**Problem to work on:**
Retype each record below word for word, pictures excluded.

(Web page caption snippets)
============

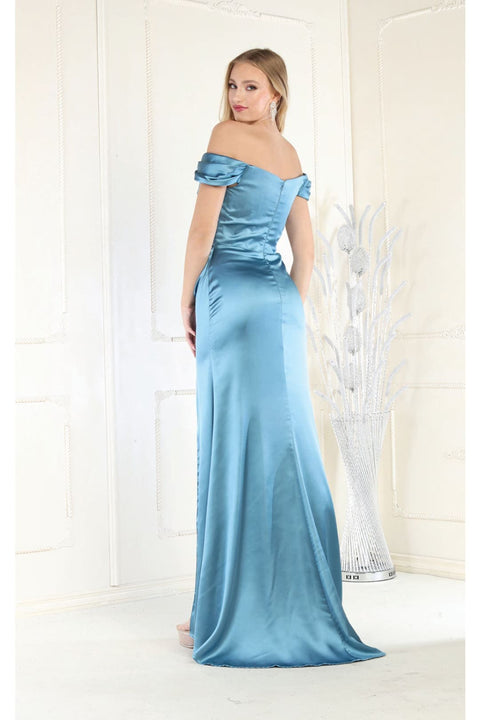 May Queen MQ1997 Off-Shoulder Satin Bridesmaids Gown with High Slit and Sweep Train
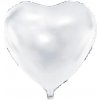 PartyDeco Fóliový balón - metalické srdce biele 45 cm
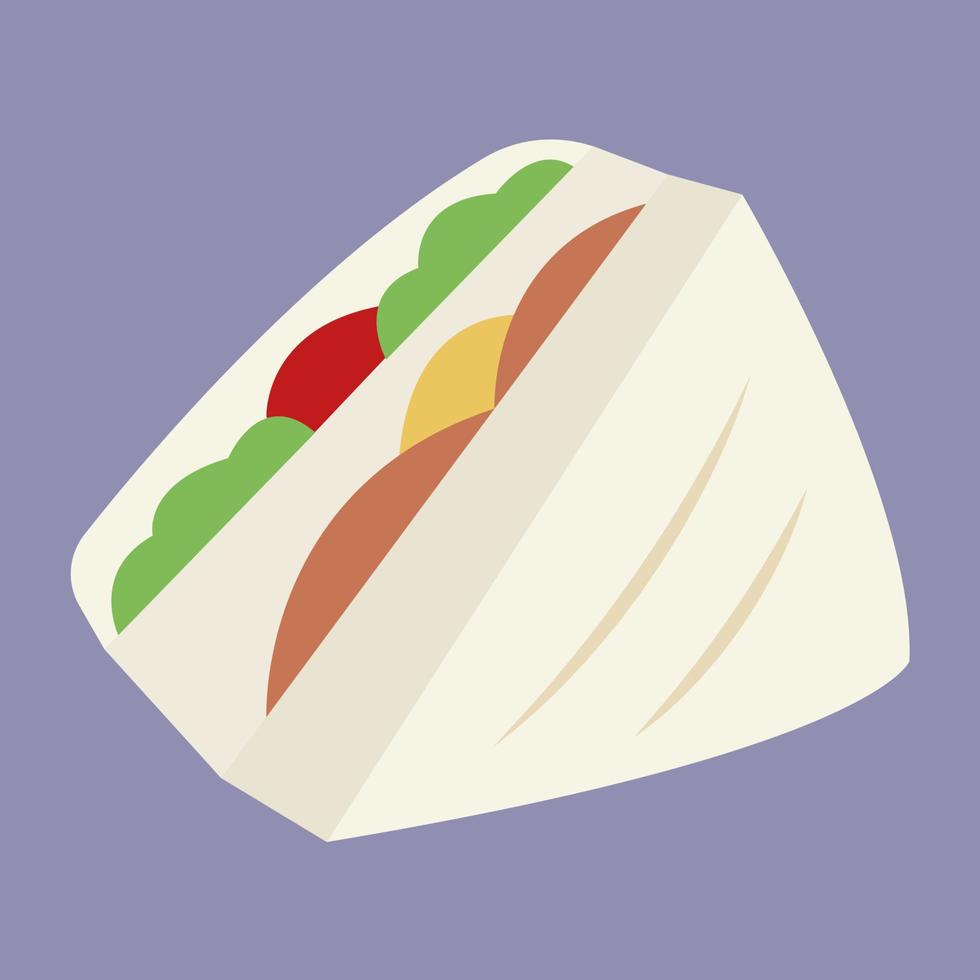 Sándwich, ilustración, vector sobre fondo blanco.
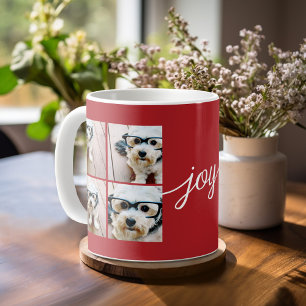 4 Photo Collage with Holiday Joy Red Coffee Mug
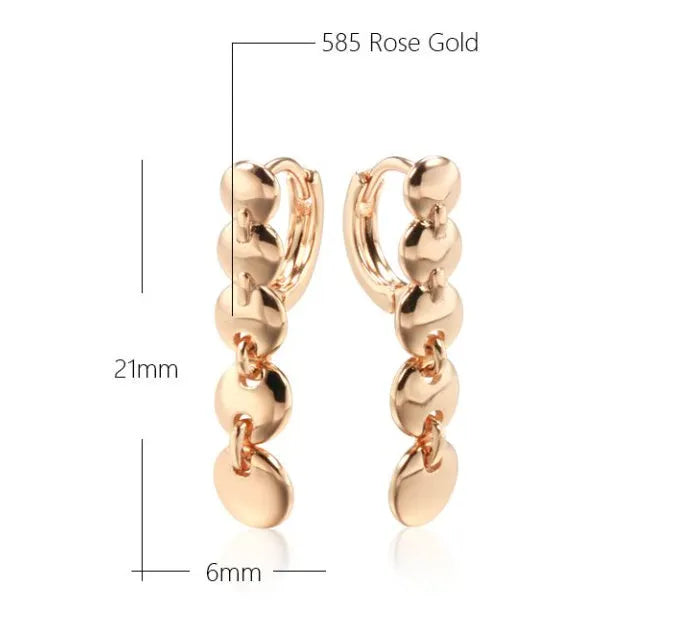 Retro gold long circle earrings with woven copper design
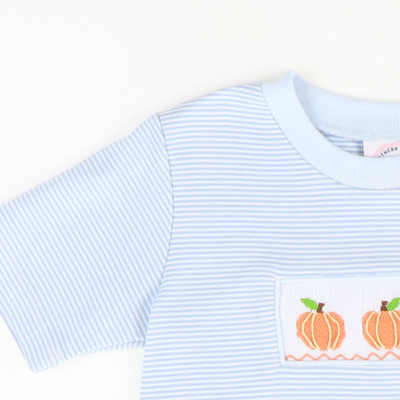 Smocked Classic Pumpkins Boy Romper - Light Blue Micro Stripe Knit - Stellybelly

============

**Result for this exercise:**
 May Queen MQ1997 Off-Shoulder Satin Bridesmaids Gown with High Slit and Sweep Train
 PartyDeco Fóliový balón - metalické srdce biele 45 cm
 Sándwich, ilustración, vector sobre fondo blanco.
 4 Photo Collage with Holiday Joy Red Coffee Mug
 Retro gold long circle earrings with woven copper design
 Smocked Classic Pumpkins Boy Romper - Light Blue Micro Stripe Knit - Stellybelly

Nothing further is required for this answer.